I have the parametric parabola: $$ y=f(x)=C(x-4)(x-5)+D $$ where $D$ is fixed.
I want to find for which value of $C$ the distance from the parabola to the point $(4,0)$ is exactly $\frac{1}{3}$ and the point $(4,0)$ lies at the left of the curve.
The staightforward way is to set up this equation: $$ \sqrt{(x-4)^2+(f(x))^2}=\frac{1}{3} $$ that by squaring becomes: $$ (C^2(x-5)^2+1)(x-4)^2+2CD(x-5)(x-4)+D^2-\frac{1}{9}=0 $$ and find the solutions with $x>4$. The value for $C$ that makes them coincide is the solution of our problem.
Is there another way I can use to solve this problem that does not use the full formula for quartic polynomials?
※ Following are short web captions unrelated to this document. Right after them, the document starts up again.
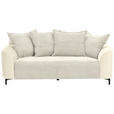 2-SITZER-SOFA in Cord, Velours Beige  - Beige/Schwarz, KONVENTIONELL, Textil/Metall (175/84/99cm) - Carryhome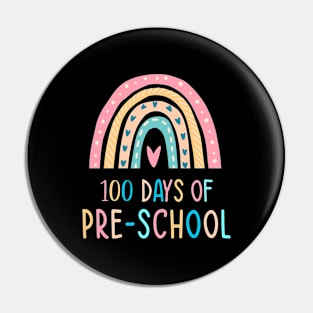 100 Days of School Pre-School Teacher, Cute Happy 100th Day of School Shirts for Teacher Pre-K, Kindergarten, First Grade to 5th Grade Pin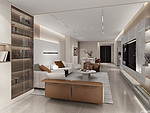 80平米现代简约风三室客厅装修效果图，收纳柜创意设计图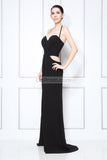 Sexy Black Thigh-high Slit Halter Cut Out Prom Dress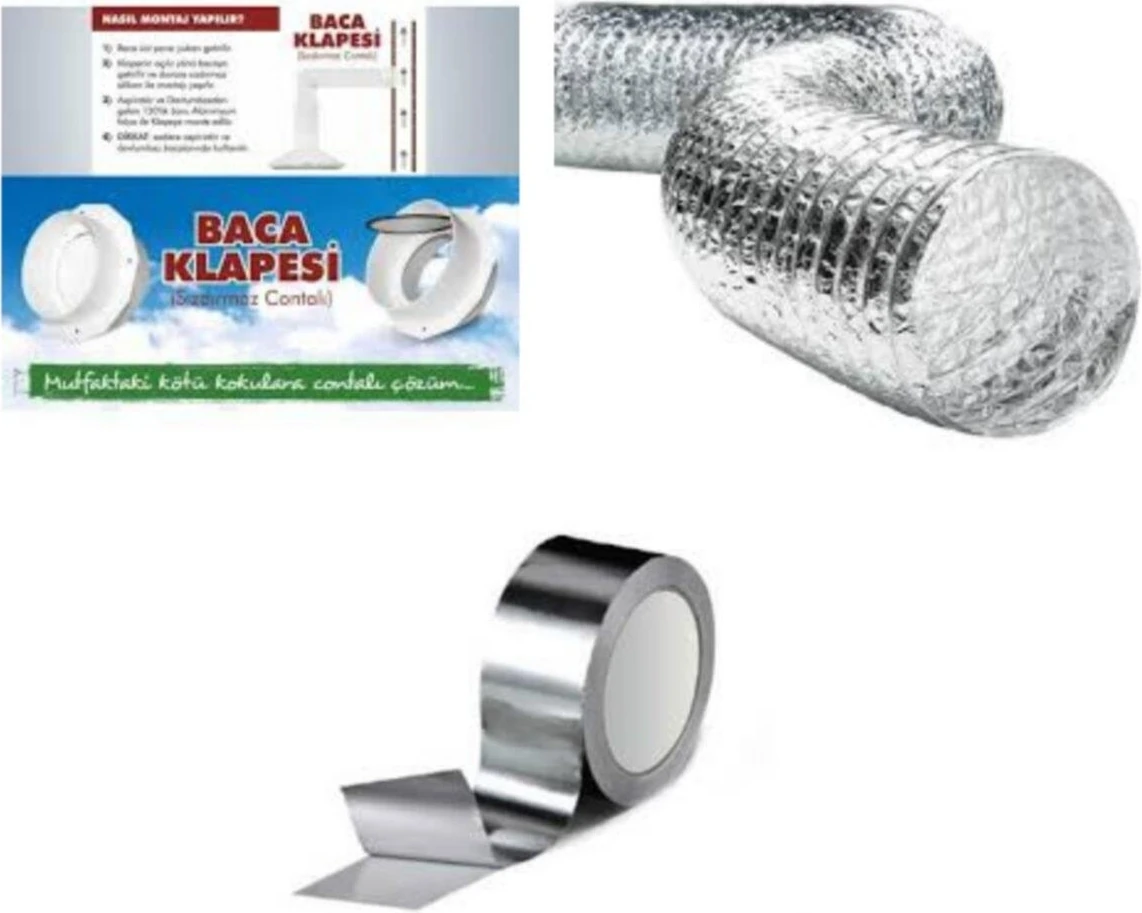 Baca Klapesi Sızdırmaz Contalı + Folyo Bant + Aspiratör Borusu 2 mt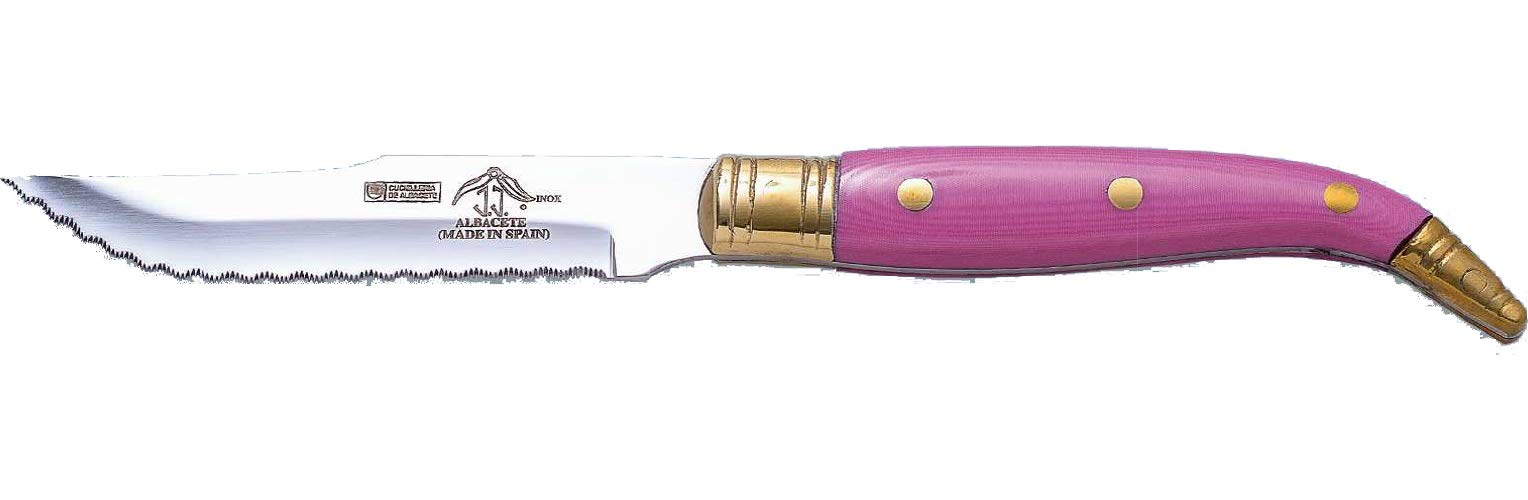 Sonpó Online - Cuchillo Chuletero de Mikarta Rosa, de 11 cm. - Pack de 6 cuchillos con hojas de acero inoxidable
I know that the parabola I am looking for has the same distance also from the point $(5,0)$ (we have a simmetry on the axis $x=\frac{9}{2}$), can I use that information to find a second order solving equation?
We are not necessarily looking for an explicit solution to the quartic equation in $x,$ as long as we find a nice relationship between $C$ and $D$ expressing the fact that the quartic equation has at least a double root.
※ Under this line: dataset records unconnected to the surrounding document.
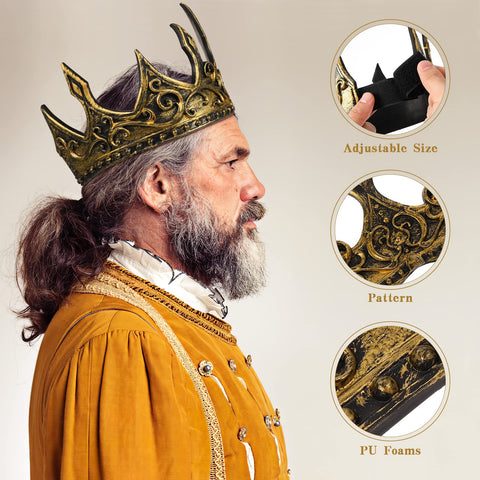 Amosfun Royal Foam King Crown Headband Boys Cosplay Crown Prop Party Favors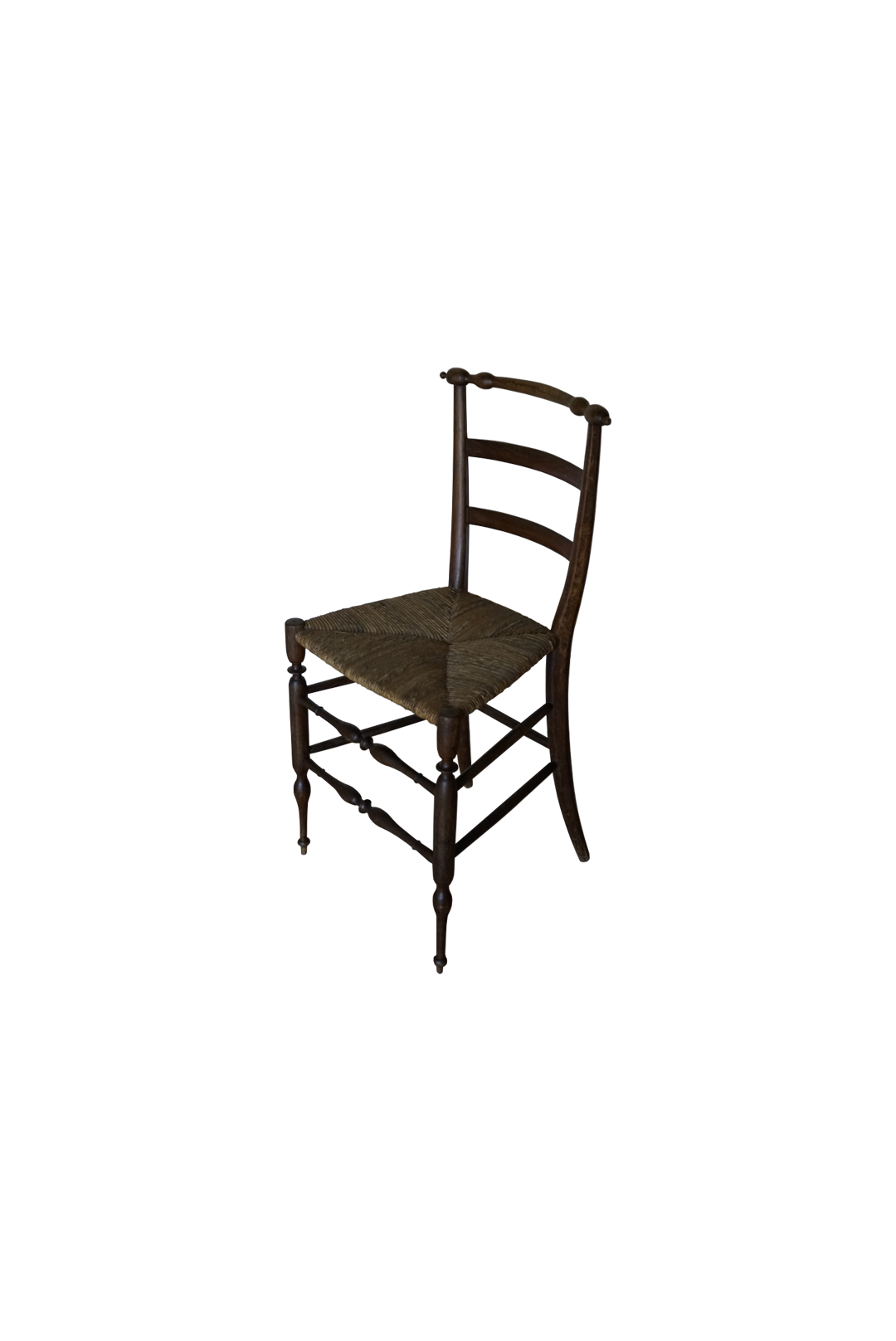 French Carved Walnut Side Chair with Rush Seat, c. 1880s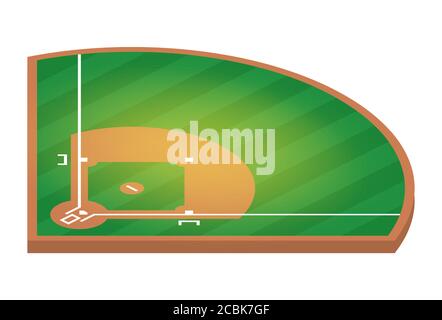 Isometric Baseball field. Flat illustration of baseball field vector design. Vector illustration Stock Vector
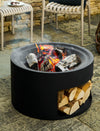 Sarsden Steel Round Fire Pit & Log Store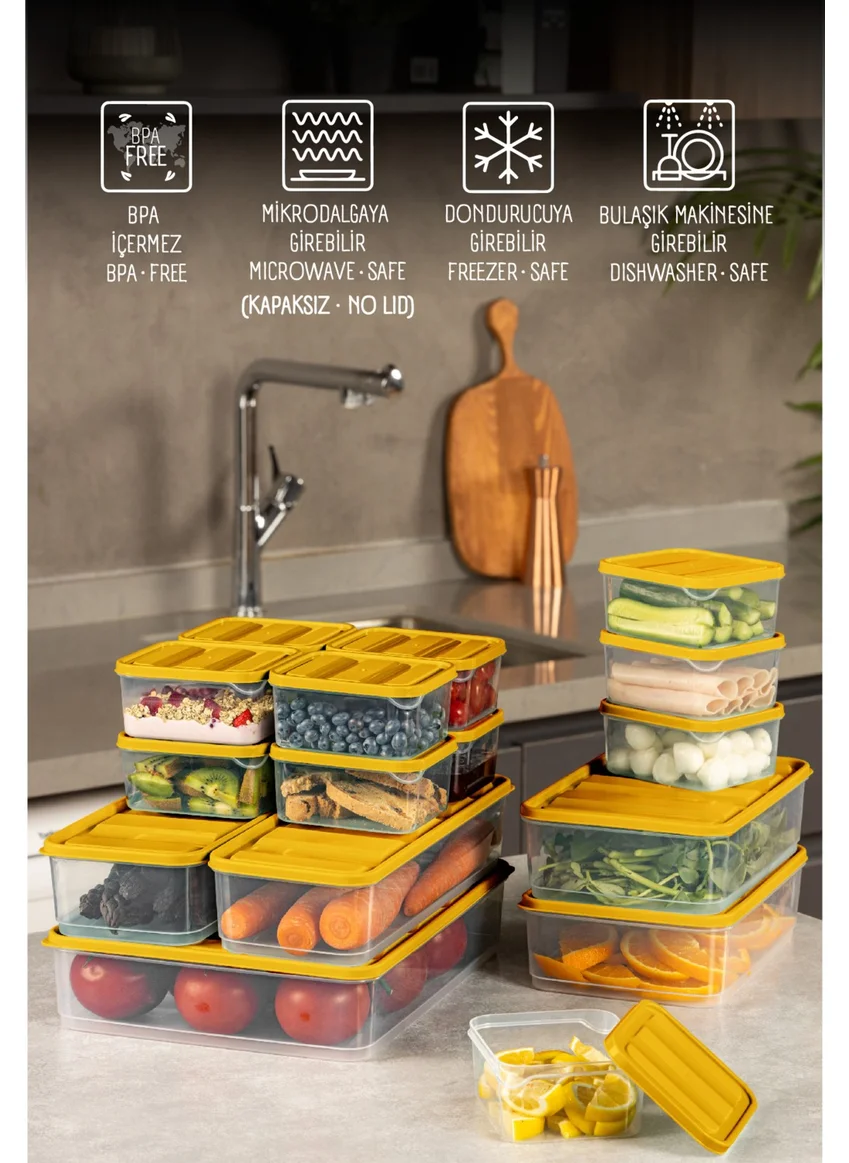Vienev 17LI Fridge Freezer Organizer Microwave and Freezer Suitable Storage Container Orange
That relationship is the condition that the discriminant of the quartic equation has to be zero. It can be obtained by eliminating $x$ from the system of two equations: (1) the quartic; and (2) its derivative.
The discriminant of a general quartic is a rather horrible homogeneous 6-th degree polynomial in the coefficients, with 16 terms.
In our particular case of a quartic with vanishing third-degree term there are only 6 terms, and they are all multiples of the leading coefficient so we are effectively left (after excluding the 'easy' solutions having $C=0,$ i.e., $|D|=1/3$) with a homogeneous 5-th degree polynomial. See https://en.wikipedia.org/wiki/Discriminant#Formulas_for_low_degrees
The result is an explicit polynomial relationship between $C$ and $D.$ It is at most of the 10th degree in $C$ (I have not verified it by machine but according to a quick pen-and-paper calculation the 10th degree coefficient is nonzero).